* [What to produce] Leave every picture out, then reproduce the rest of the listing exactly.

* [Data section]
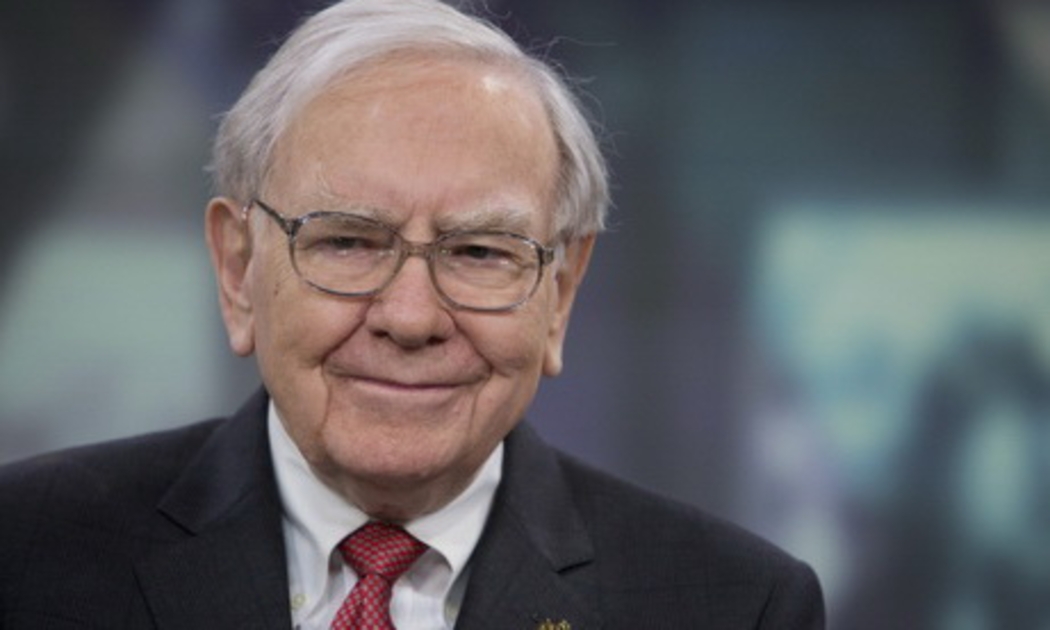 Việc đóng thuế của tỷ phú Buffett đã bị lôi vào vòng tranh luận khi ông Trump đổ lỗi cho bà Clinton về việc trong cương vị thượng nghị sỹ, bà đã đưa ra quá nhiều chính sách ưu đãi cho các “đại gia” tài chính phố Wall - Ảnh: Reuters.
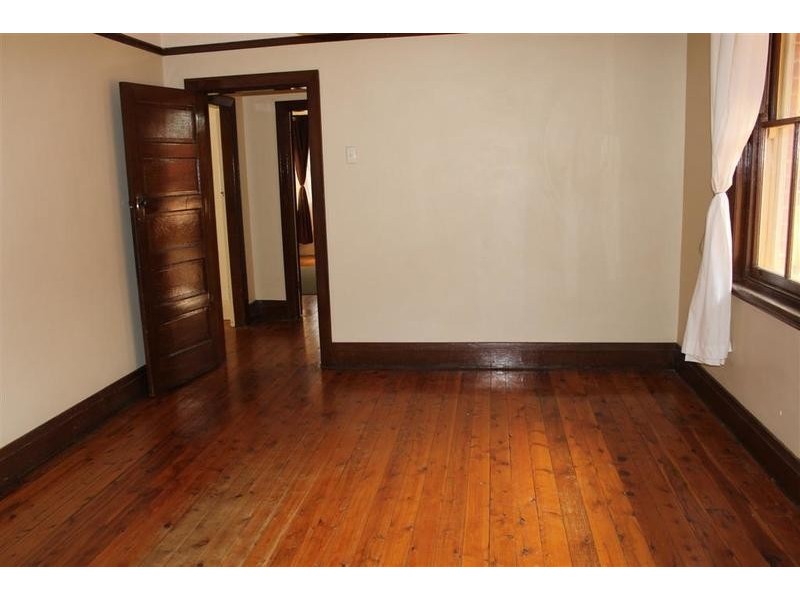 17 Albert Street, Wagga Wagga NSW 2650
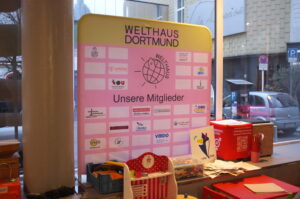 Blick aus dem Fenster auf die Straße Rosenthal.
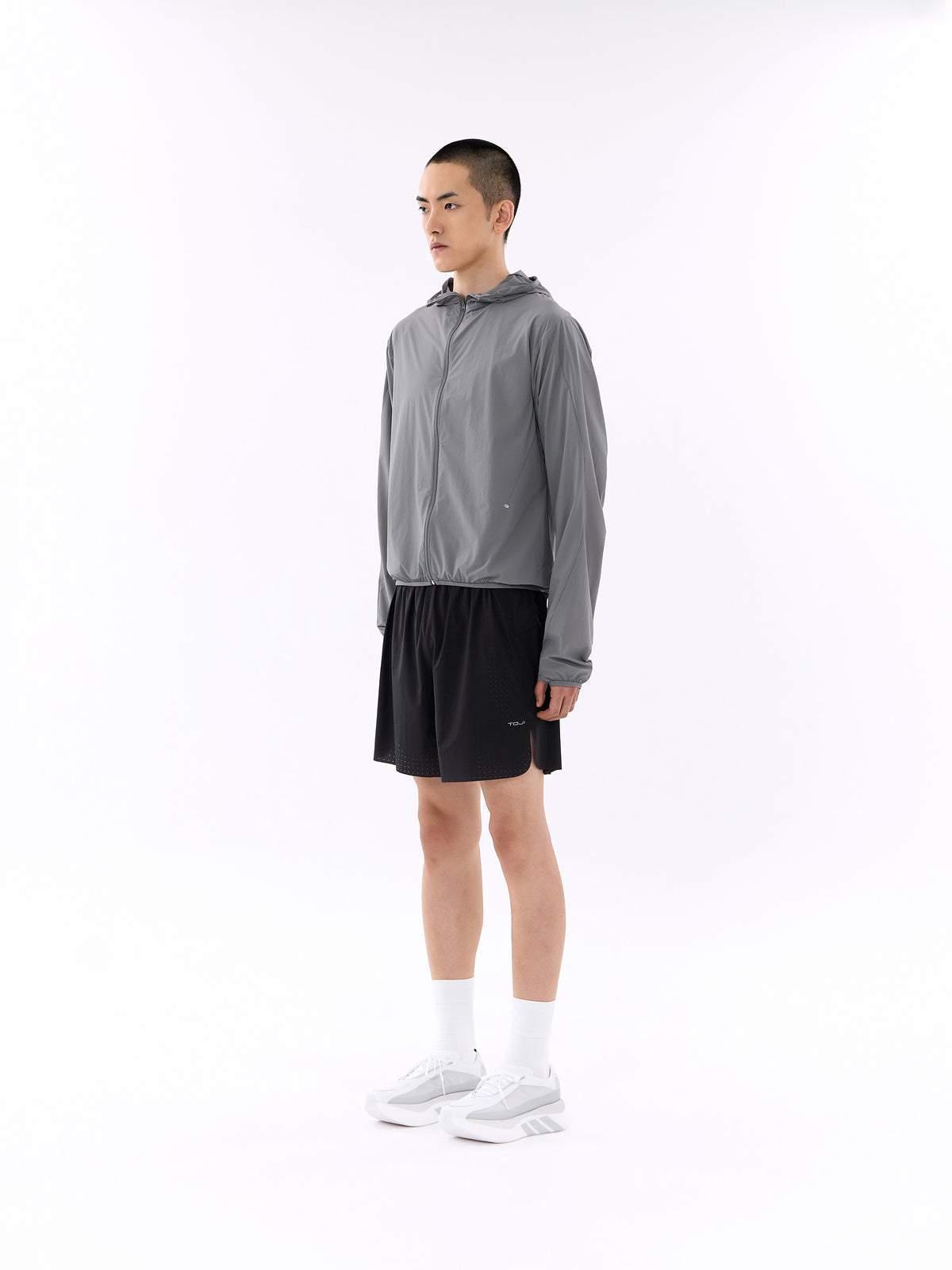 BREEZE HOODED WINDBREAKER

* [Exercise result]
 Việc đóng thuế của tỷ phú Buffett đã bị lôi vào vòng tranh luận khi ông Trump đổ lỗi cho bà Clinton về việc trong cương vị thượng nghị sỹ, bà đã đưa ra quá nhiều chính sách ưu đãi cho các “đại gia” tài chính phố Wall - Ảnh: Reuters.
 17 Albert Street, Wagga Wagga NSW 2650
 Blick aus dem Fenster auf die Straße Rosenthal.
 BREEZE HOODED WINDBREAKER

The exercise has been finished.